I've made cages, and have learned the following- its better and cheaper to buy used cages, look on Craigslist, local classifieds, Rabbit Yahoo lists, talk to 4H people, go to a rabbit show, even farm consignment auctions. Really, once you buy the equipment you need and quality wire you might have well bought them new from a vendor at a show. Cheapest is used, look around. Do not buy the Havahart cages from TSC, they are cheap garbage that rusts thru and falls apart quickly. If you really are going to try and make them I will tell you a few things I figured out, you need a dremel, to grind down the sharp edges. Measure and mark your doorways with bright magic marker before cutting, its easy to make a mistake and cut the wrong wire. Buy the better J clip plier, the thin economy one hurts your hand after awhile. Make your doors swing out, with a side hinge, instead of swinging in with a top hinge, trust me you'll get annoyed with the push in doors quickly. Do not use hardware cloth for your floors.

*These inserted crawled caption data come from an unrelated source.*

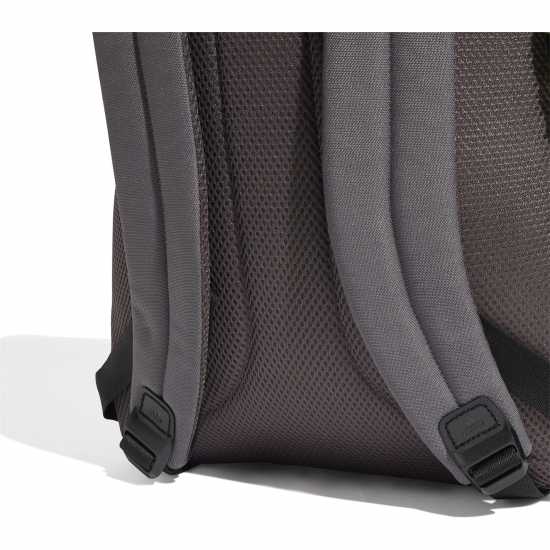 Adidas Power Vi Backpack Unisex Сиво/Лимон 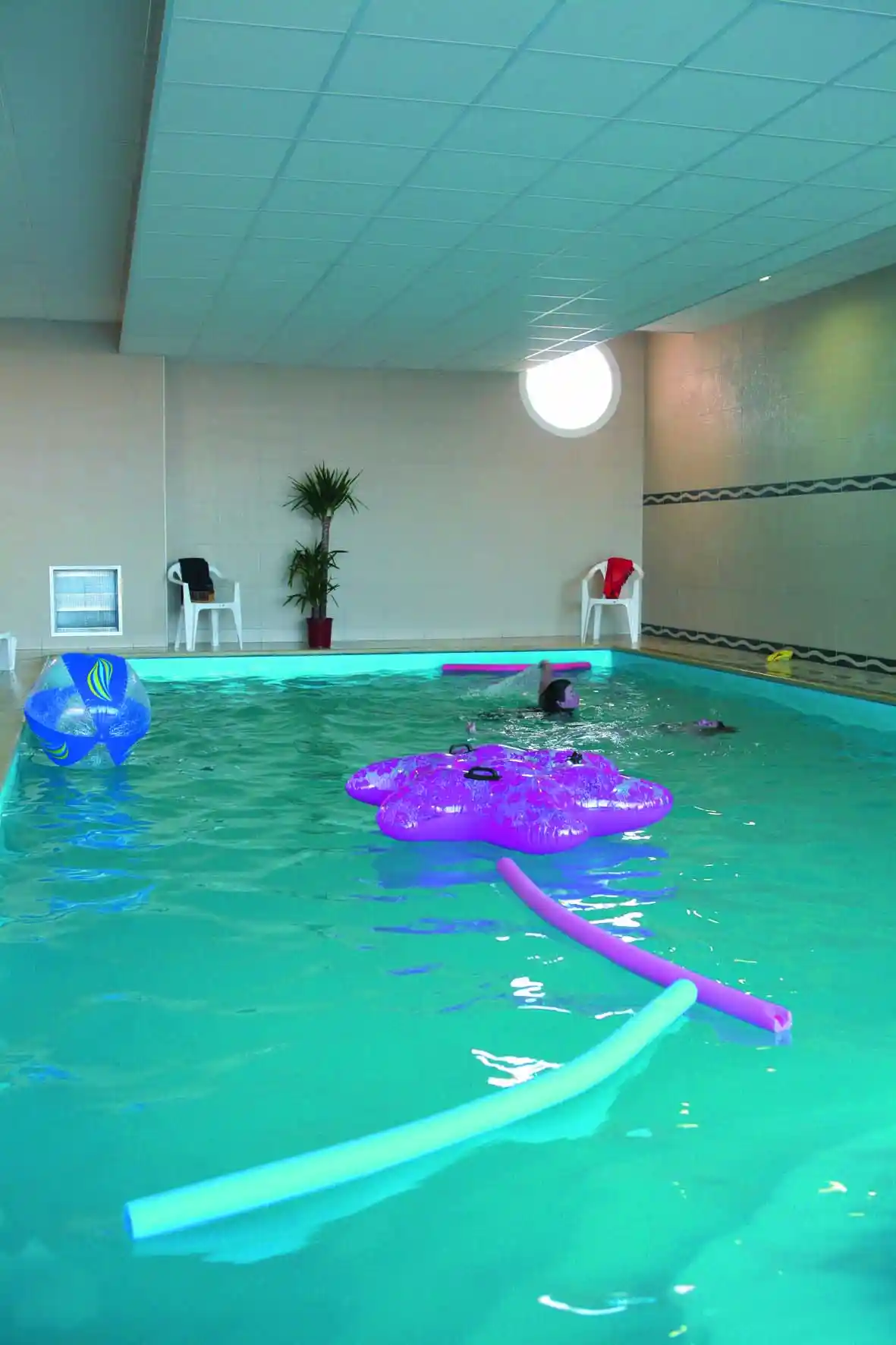 Lagrange Vacances®  - Plougonvelin - Le Domaine de Bertheaume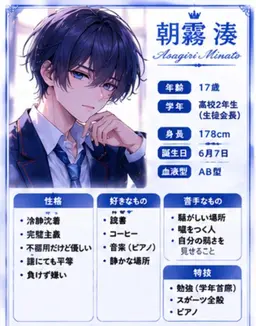 Profile image of 湊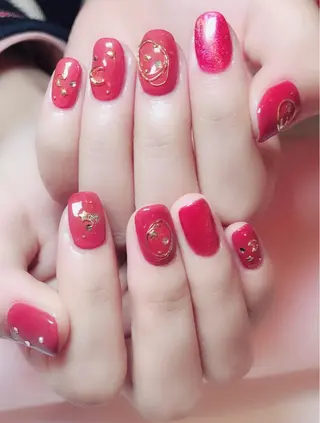 ネイル エムズ エムズのマツエク・マツパデザイン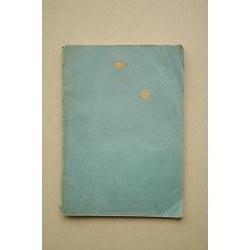 Leyes de organización y atribuciones de los...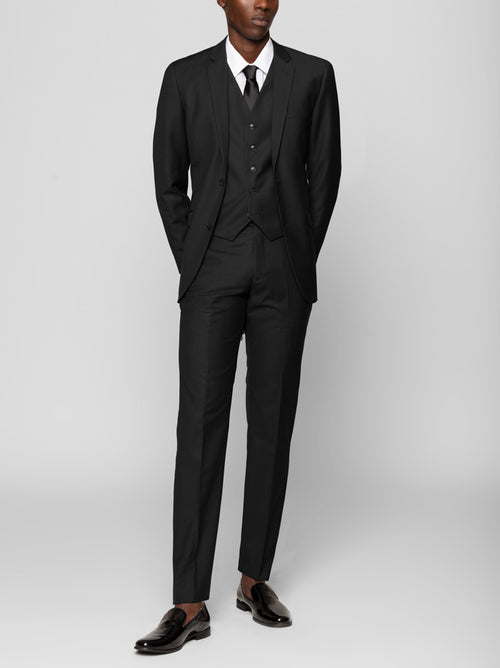 Shop Two Button Suits at Alain Dupetit | Alain Dupetit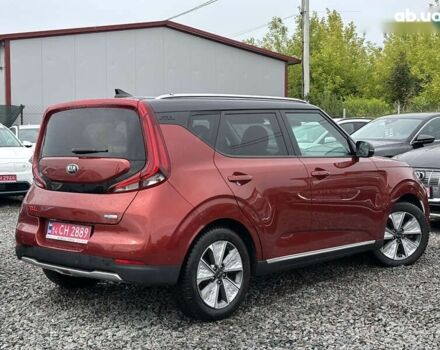 Кіа Soul, об'ємом двигуна 0 л та пробігом 121 тис. км за 16850 $, фото 29 на Automoto.ua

There's three different kinds of welded wire, galvanized before welding, this is cheaper and rusts, and galvanized after welding, this is more expensive buts lasts a long time. Then there's one with a zinc aluminum finish, supposed to be very rust resistant. Know what kind of wire it is your buying.


----------



## 5050 (Oct 29, 2008)

Check out the "Rabbit Housing Manual" by Dr. McNitt then you can make an informed decision. http://www.suagcenter.com/News Archives/Feb-Apr2009/RabbitHousingManual.html There a number of useful designs out there
I usually buy used cages and put new bottoms in them adjust them to fit our space requirements..


----------



## laughaha (Mar 4, 2008)

I checked out tractor supply yesterday (for feed prices) and was surprised at how cheap their 30" x 36" cages were- $35. Took about 5 minutes to set them up. These are going to be overflow/weaner cages so won't have huge flemishes in them. If they do alright, I'll be getting more. We normally build huge cages but we have so much going on that we just didn't have time to build cages and these seemed to be a good solution for us.


----------



## jkmlad (Jun 18, 2009)

When checking feed prices at TSC make sure you check the tags/ tapes for production dates as well. Our TSC is famous for not rotating its stock... and that seems to be a pretty universal problem. Old feed is yukky feed. Why pay for something your rabbits won't eat or can't get adequate nutrition from? On the cage thread; go to Sears, and buy a pair of wire cutters there. I think mine are called "bull nosed cutters" or something like that. They cost about $18, but Craftsman tools are warranteed for life. When they get dull, I take them back and get a new pair! You've got to love that feature! It's a shame you live on the other side of the country from me... I am getting ready to build some new cages, and would be happy to do a cage building workshow to show you how I do it. I have gotten some hand-me-down cages from TSC, and find they are not too well made. The wire used seems a bit flimsy, and I suppose that is because they are made more for the pet than for the the production trade. They are a bit better than what you can buy at Petco or PetSmart. Visiting a local rabbit show and talking to the equipment vendor would be a good idea for you. You will find that their equipment is more reasonable than the big dealers, and you won't have to pay shipping. I buy wire in 100 foot rolls, and have it cut to my specs. The cuts cost me about $1 a panel. Worth it to my arthritic hands.


----------